Power loss for multiallelic transmission/disequilibrium test when errors introduced: GAW11 simulated data

Abstract

Many researchers are considering the use of transmission/disequilibrium tests (TDT) for trios of genotypes (father, mother, child) as a method for localizing genes associated with complex diseases. We evaluate the effect of random errors (allele changes) in trios on the power to detect linkage. For a marker in the simulated data set, one allele is associated with the fictitious disease in a certain subpopulation. For the data as given (no errors), our power to detect linkage using the multiallelic TDT (TDT(mhet)) is 68% (critical p-value set at 0.0001). We introduce errors into trios at various rates (1%, 5%, or 10%), remove only trios displaying mendelian inconsistencies, and recalculate power to detect linkage.
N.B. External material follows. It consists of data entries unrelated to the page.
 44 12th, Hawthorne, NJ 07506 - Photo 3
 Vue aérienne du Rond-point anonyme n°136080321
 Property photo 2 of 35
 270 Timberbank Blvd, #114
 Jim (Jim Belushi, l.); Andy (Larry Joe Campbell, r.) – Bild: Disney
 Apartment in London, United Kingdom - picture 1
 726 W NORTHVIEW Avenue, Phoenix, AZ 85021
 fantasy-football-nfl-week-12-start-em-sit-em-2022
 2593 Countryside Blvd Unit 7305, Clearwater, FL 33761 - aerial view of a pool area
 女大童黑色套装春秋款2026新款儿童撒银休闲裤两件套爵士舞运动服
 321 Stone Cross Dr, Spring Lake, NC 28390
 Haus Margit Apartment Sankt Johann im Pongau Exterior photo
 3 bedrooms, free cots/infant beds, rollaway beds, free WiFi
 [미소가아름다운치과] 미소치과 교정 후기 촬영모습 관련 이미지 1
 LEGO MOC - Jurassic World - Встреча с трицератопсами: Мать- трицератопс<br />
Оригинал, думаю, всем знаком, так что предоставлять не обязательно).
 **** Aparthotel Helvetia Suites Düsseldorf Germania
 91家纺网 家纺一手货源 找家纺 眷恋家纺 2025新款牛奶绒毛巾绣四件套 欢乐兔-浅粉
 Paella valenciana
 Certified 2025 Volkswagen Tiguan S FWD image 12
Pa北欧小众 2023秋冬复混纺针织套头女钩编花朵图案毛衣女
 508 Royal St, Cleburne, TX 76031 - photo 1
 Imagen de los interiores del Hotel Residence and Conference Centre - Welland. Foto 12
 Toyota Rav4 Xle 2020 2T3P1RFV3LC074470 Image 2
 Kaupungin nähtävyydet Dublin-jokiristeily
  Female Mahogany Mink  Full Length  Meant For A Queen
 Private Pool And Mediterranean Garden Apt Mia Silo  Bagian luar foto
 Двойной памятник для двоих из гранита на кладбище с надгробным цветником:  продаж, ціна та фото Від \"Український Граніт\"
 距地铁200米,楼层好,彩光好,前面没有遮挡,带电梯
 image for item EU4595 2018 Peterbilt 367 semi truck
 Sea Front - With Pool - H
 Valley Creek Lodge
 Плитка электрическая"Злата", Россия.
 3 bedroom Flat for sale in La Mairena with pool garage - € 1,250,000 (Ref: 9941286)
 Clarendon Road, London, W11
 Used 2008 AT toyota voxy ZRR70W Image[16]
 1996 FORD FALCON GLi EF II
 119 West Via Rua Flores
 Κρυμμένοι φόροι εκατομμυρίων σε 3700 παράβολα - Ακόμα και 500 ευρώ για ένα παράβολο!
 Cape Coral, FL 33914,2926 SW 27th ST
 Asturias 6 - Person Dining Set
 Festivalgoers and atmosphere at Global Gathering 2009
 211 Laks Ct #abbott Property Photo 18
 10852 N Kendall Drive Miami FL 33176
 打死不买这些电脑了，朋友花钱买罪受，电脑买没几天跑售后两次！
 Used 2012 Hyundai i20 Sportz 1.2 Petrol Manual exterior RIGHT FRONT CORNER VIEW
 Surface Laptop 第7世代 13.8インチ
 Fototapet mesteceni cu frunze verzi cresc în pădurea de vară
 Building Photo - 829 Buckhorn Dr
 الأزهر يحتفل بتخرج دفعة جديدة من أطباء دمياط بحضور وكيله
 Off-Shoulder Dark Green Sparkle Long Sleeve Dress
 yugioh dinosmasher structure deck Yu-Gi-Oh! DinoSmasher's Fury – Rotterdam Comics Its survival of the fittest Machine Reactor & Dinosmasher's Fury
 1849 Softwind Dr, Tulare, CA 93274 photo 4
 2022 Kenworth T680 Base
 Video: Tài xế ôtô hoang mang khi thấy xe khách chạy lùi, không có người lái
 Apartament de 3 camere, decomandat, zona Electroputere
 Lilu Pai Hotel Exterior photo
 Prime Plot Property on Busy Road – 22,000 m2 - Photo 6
Our principal finding is that there is power loss to detect linkage with the TDT(mhet) when errors are introduced. We observe power losses of 8%, 16%, and 48% for error rates of 1%, 5%, and 10%, respectively. To determine the source of the power loss, we perform Monte Carlo simulations. At the 1% and 5% rates, we conclude that power loss is due primarily to loss in sample size. At the 10% rate, we observe substantial power loss due to error introduction in addition to sample size reduction. We also determine, given a particular error rate, the probability that we detect errors if we use only mendelian consistency as a check. We find that the mean detection rates for the data sets with 1%, 5%, or 10% error rates are 58%, 60%, and 62%, respectively. As a result, the apparent error rate appears to be almost half the true error rate. Based on these results, we recommend that researchers maintain error rates below 5% when using the TDT(mhet) for linkage, use additional methods beyond mendelian consistency checks when searching for errors in their data, and modify sample size calculations when accounting for errors in their genotype data.